Here are the entries for the April Stock Tipping Competition! Please let me know immediately if I have made any errors.  : 

RichKid CBH $0.27
crocdee MUL $0.021
canny NEO $0.051
son of baglimit HSN $0.43
Fleeta MGW $5.19
Mofra LAF $0.215
markrmau CSE $0.33
Porper BOC $0.89
el ninj0 ATX $0.072
doctorj FAR $0.094
knit 1 pearl 2 BPT $0.66
tarnor RTM $0.125
whisky6210 RDR $0.30
Jett Star VRE $0.285
kpgduras PRM $0.052
emily GME $0.195
dutchie MWR $0.045
Bingo HCY $0.020
DTM CVN $0.024

Good luck everyone!


----------



## Joe Blow (1 April 2005)

Just in case you have forgotten, or you are are new and didn't know.... you can find the stock tipping competition page here: https://www.aussiestockforums.com/stocktip.php

Also, please note the permanent link near the bottom of every page!


----------



## dutchie (14 April 2005)

Does not seem like there is much interest in April stock picking comp.

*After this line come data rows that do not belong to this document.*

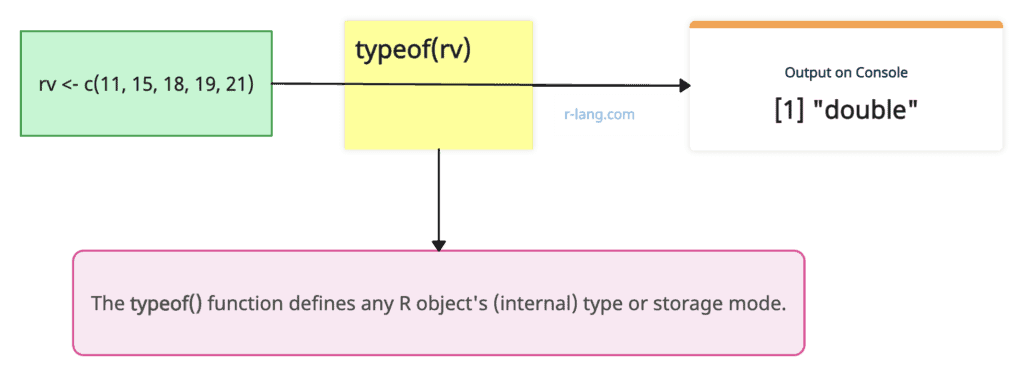 Visual Representation of Using the typeof() function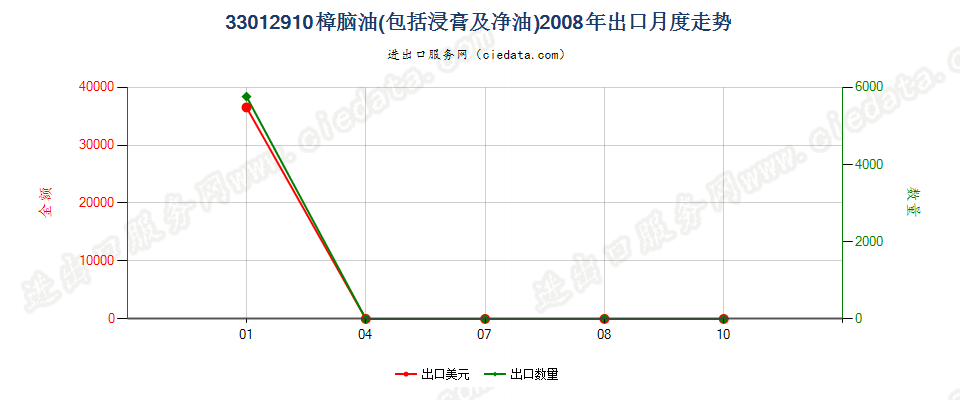 33012910樟脑油出口2008年月度走势图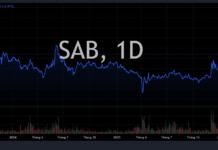 Vietnam’s Largest Brewery Hits the Roof: What’s Brewing Behind the Surge?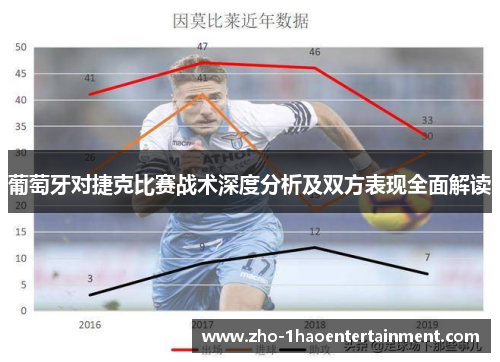 葡萄牙对捷克比赛战术深度分析及双方表现全面解读 葡萄牙对捷克比赛战术深度分析及双方表现全面解读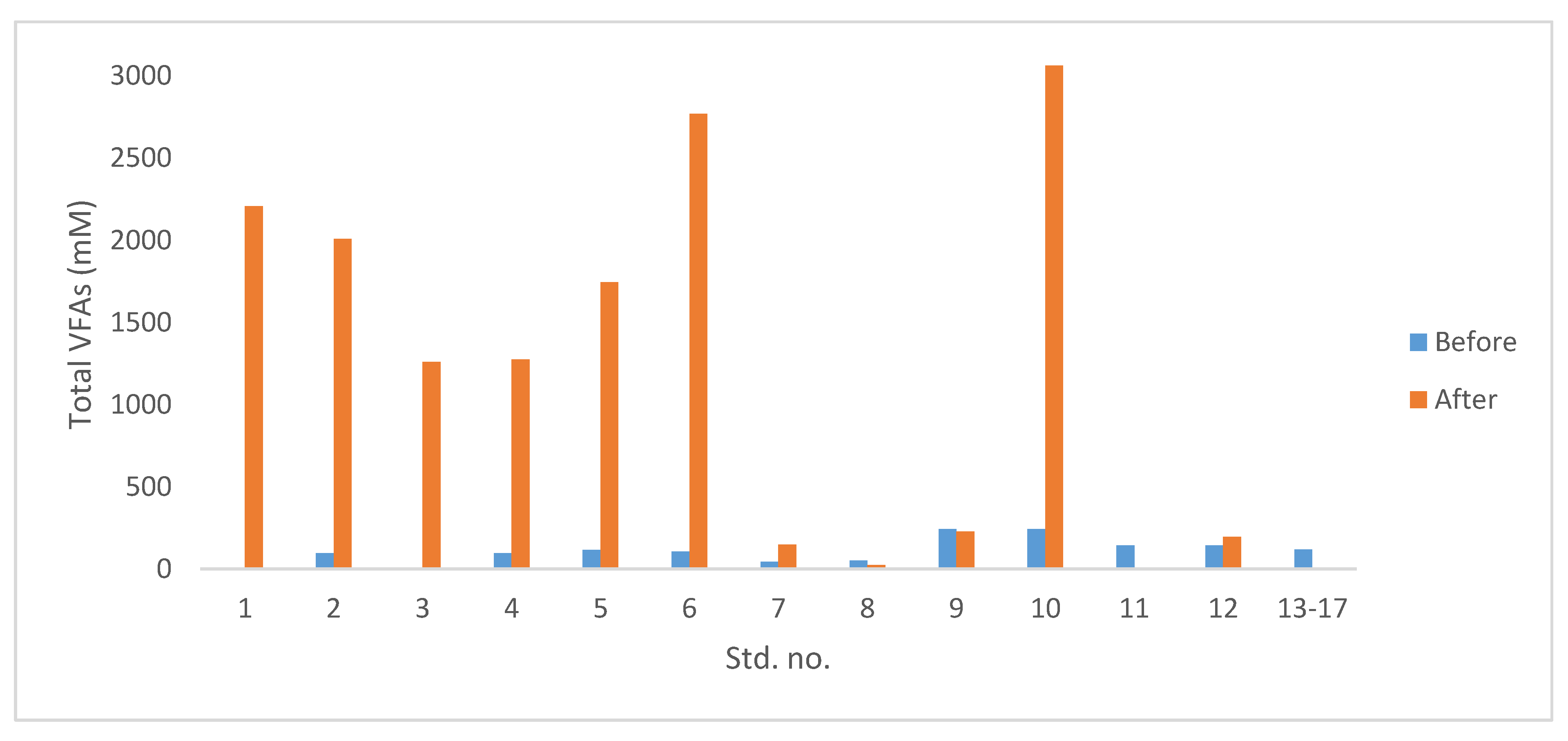 Processes 08 00492 g005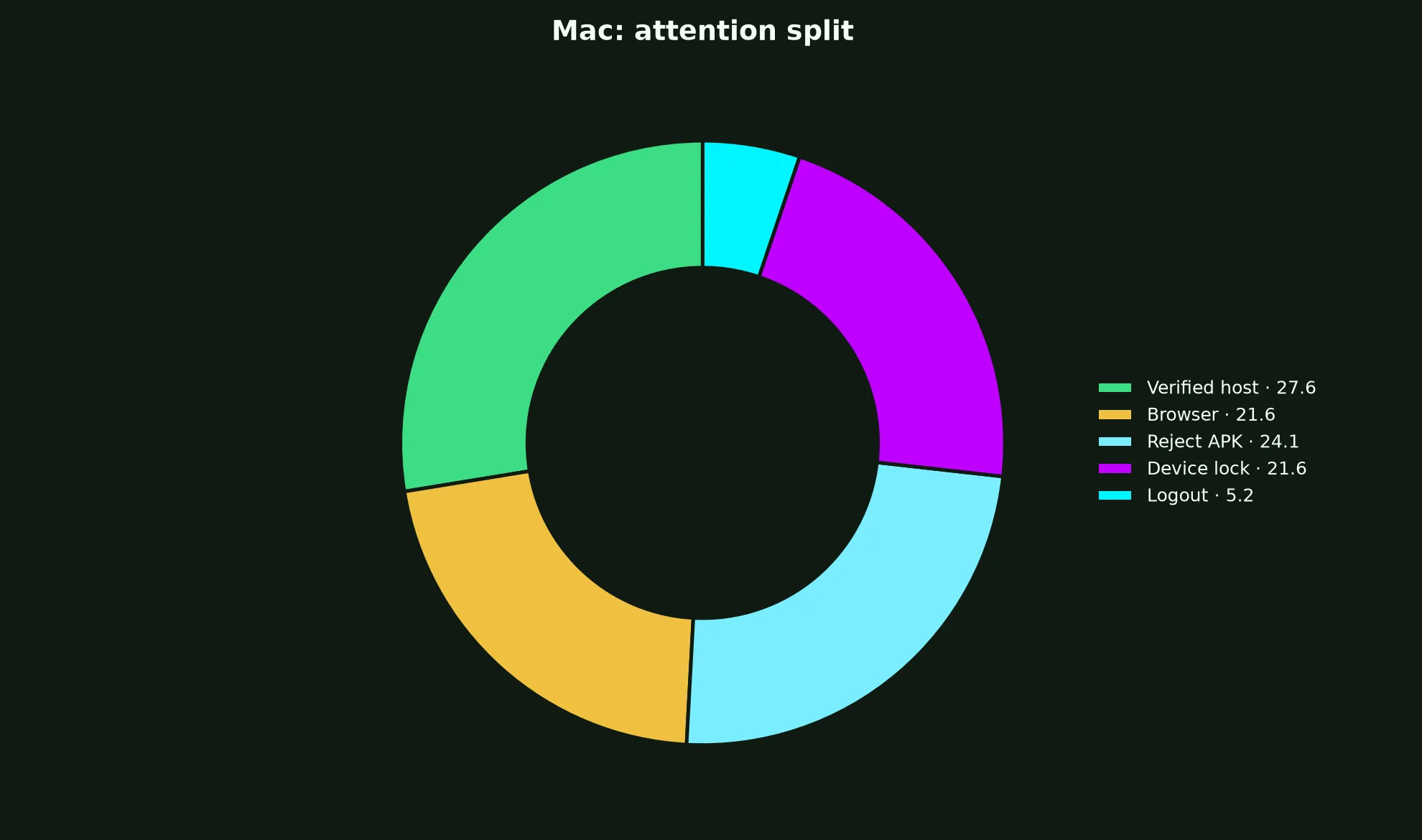 Ricky Casino on Mac evidence chart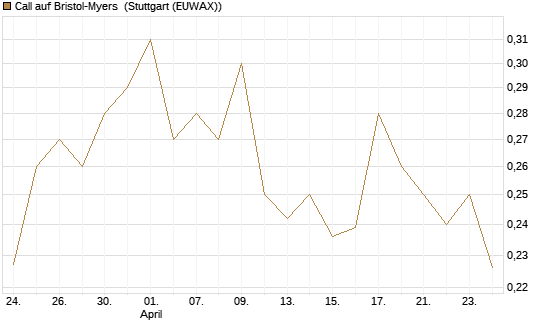 Call auf Bristol-Myers [Morgan Stanley & Co. Int. plc] Chart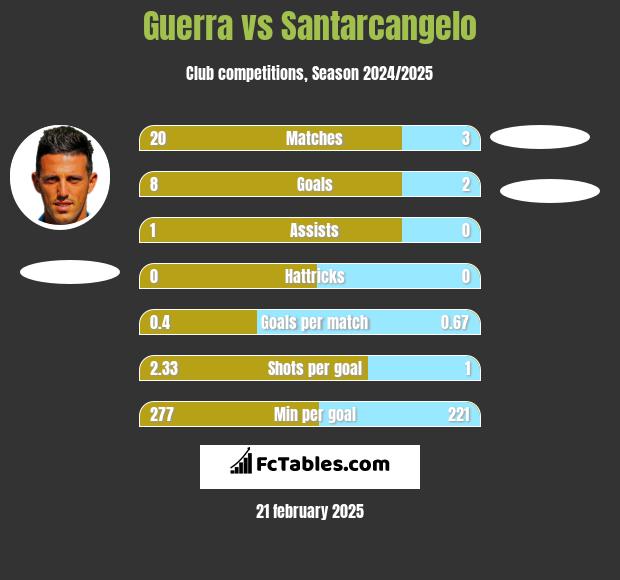 Guerra vs Santarcangelo h2h player stats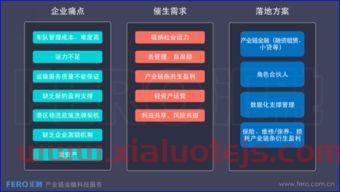 金融服务业产业链（金融 产业链）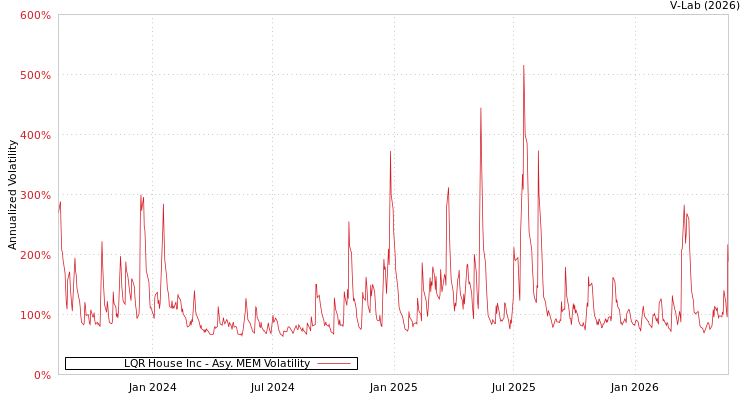 graph of LQR House Inc AMEM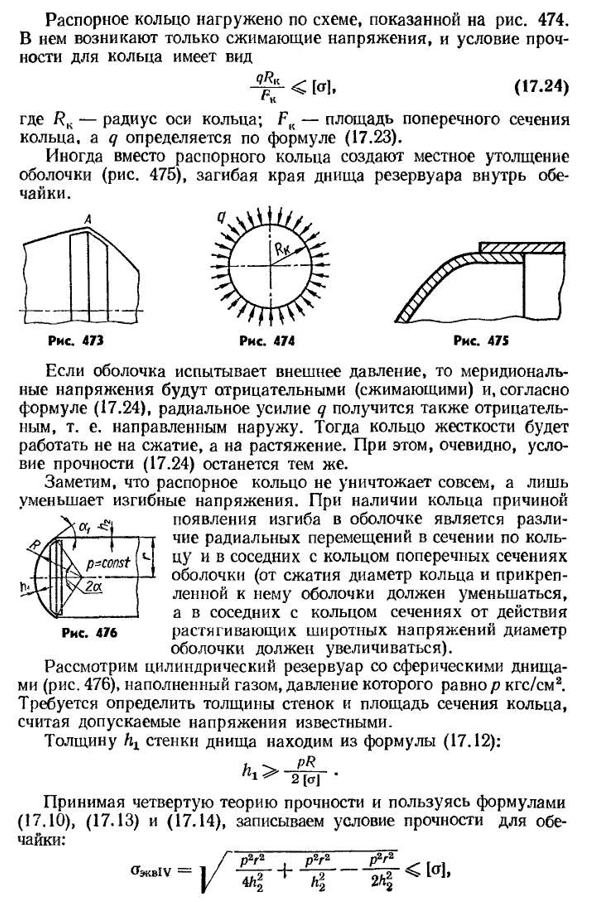 Распорные кольца в оболочках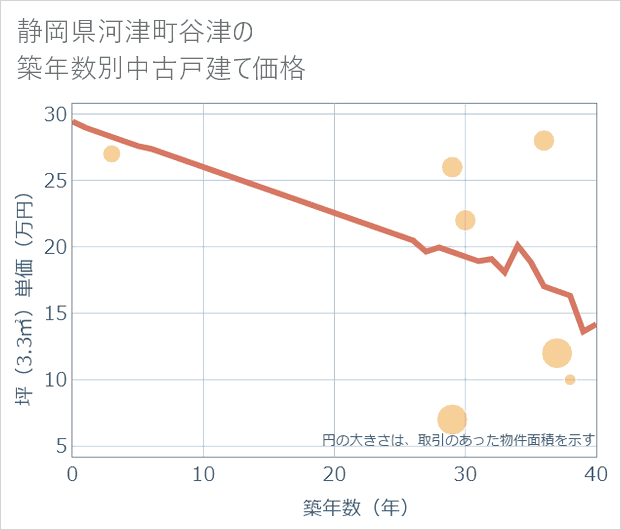 静岡県河津町谷津の築年数別の中古戸建て坪単価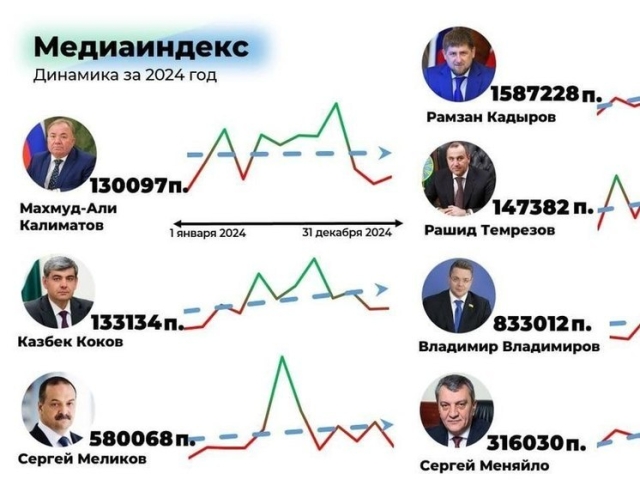 <i>Рамзан Кадыров лидировал в медиарейтинге глав регионов Северного Кавказа</i>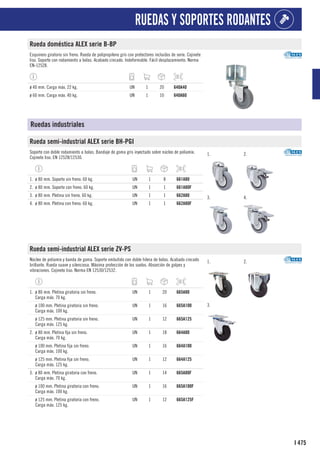 475
I
RUEDAS Y SOPORTES RODANTES
Rueda doméstica ALEX serie B-BP
Esquinero giratorio sin freno. Rueda de polipropileno gris con protectores incluidos de serie. Cojinete
liso. Soporte con rodamiento a bolas. Acabado cincado. Indeformable. Fácil desplazamiento. Norma
EN-12528.
ø 40 mm. Carga máx. 22 kg. UN 1 20 640A40
ø 60 mm. Carga máx. 40 kg. UN 1 10 640A60
Ruedas industriales
Rueda semi-industrial ALEX serie BH-PGI
Soporte con doble rodamiento a bolas. Bandaje de goma gris inyectado sobre núcleo de poliamix.
Cojinete liso. EN 12528/12530.
1. 2.
3. 4.
1. ø 80 mm. Soporte sin freno. 60 kg. UN 1 8 661A80
2. ø 80 mm. Soporte con freno. 60 kg. UN 1 1 661A80F
3. ø 80 mm. Pletina sin freno. 60 kg. UN 1 1 662A80
4. ø 80 mm. Pletina con freno. 60 kg. UN 1 1 662A80F
Rueda semi-industrial ALEX serie ZV-PS
Núcleo de poliamix y banda de goma. Soporte embutido con doble hilera de bolas. Acabado cincado
brillante. Rueda suave y silenciosa. Máxima protección de los suelos. Absorción de golpes y
vibraciones. Cojinete liso. Norma EN 12530/12532.
1. 2.
3.
1. ø 80 mm. Pletina giratoria sin freno.
Carga máx. 70 kg.
UN 1 20 665A80
ø 100 mm. Pletina giratoria sin freno.
Carga máx. 100 kg.
UN 1 16 665A100
ø 125 mm. Pletina giratoria sin freno.
Carga máx. 125 kg.
UN 1 12 665A125
2. ø 80 mm. Pletina fija sin freno.
Carga máx. 70 kg.
UN 1 18 664A80
ø 100 mm. Pletina fija sin freno.
Carga máx. 100 kg.
UN 1 16 664A100
ø 125 mm. Pletina fija sin freno.
Carga máx. 125 kg.
UN 1 12 664A125
3. ø 80 mm. Pletina giratoria con freno.
Carga máx. 70 kg.
UN 1 14 665A80F
ø 100 mm. Pletina giratoria con freno.
Carga máx. 100 kg.
UN 1 16 665A100F
ø 125 mm. Pletina giratoria con freno.
Carga máx. 125 kg.
UN 1 12 665A125F
 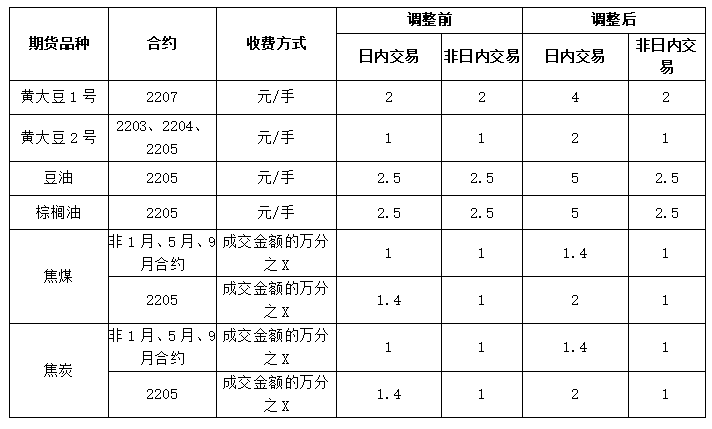 2月25日:大商所黃大豆、豆油、棕櫚油、焦煤、焦炭手續費調整! 2月25日:大商所黃大豆、豆油、棕櫚油、焦煤、焦炭手續費調整!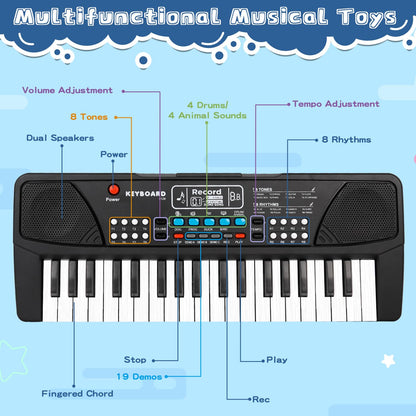 37 Key Upgrade Piano Keyboard for Kids Musical Toys Ages 3-5 Beginners Keyboard Piano with Microphone for 3 4 5 6 Year Old Boys Girls Gifts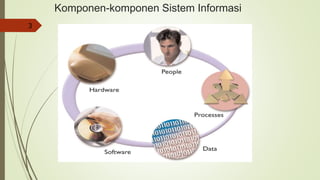 Komponen-komponen Sistem Informasi
3
 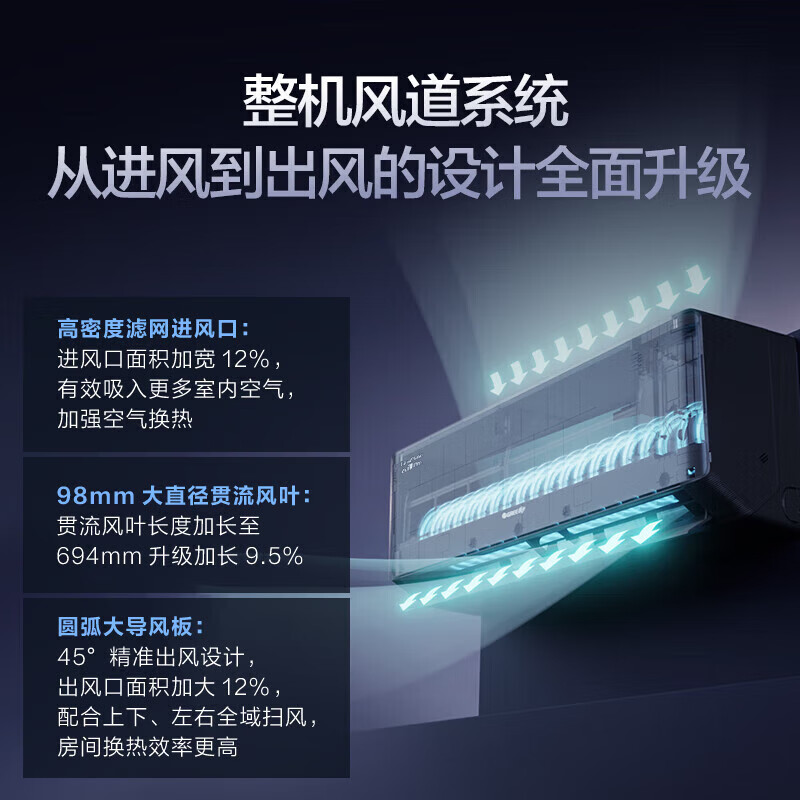 Gree air conditioner hanging Yunjin third generation 1.5 hp large 1 hp new first-level energy efficiency AI dynamic energy saving power-saving indoor and outdoor unit self-cleaning frequency conversion heating and cooling bedroom hanging air conditioner Yunjin pro flagship model 1.5 hp first-level energy efficiency cold outdoor unit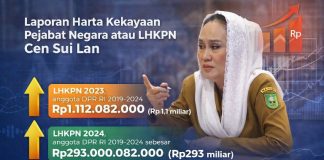 LHKPN 2025, Cen Sui Lan Bukan Bupati Terkaya Kedua di Indonesia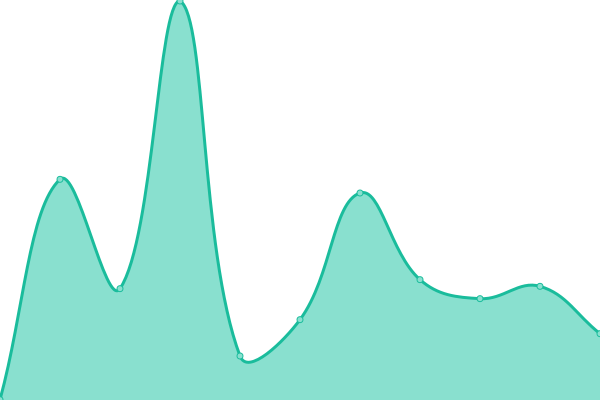 Response time graph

Understandably so. Looks like anyone staying in the black is doing well. 
Might be more bluechips selected in May comp!


----------



## markrmau (18 April 2005)

There are 2 positive and 17 negative tips.


----------



## Porper (23 April 2005)

Come on Canny and Richkid, a late surge to overtake BOC is fine by me, I hold both your picks.Neo I believe will have a big kick up the backside next week, time will tell.

I think just 3 positive picks so far in the comp reflects  the market sentiment at the moment very well.Volatility in a downtrend (maybe ?) = speccie stocks nosedive first.I have been using the overnight finish of the Dow to enter/exit, and if you pick the right stocks, lots of money to be made.Although not sleeping quite so well at night, wonder why.


----------



## Mofra (27 April 2005)

Given that highly volitile small caps are generally chosen for the comp its no surprise that the selections seem like a good litmus test for market sentiment.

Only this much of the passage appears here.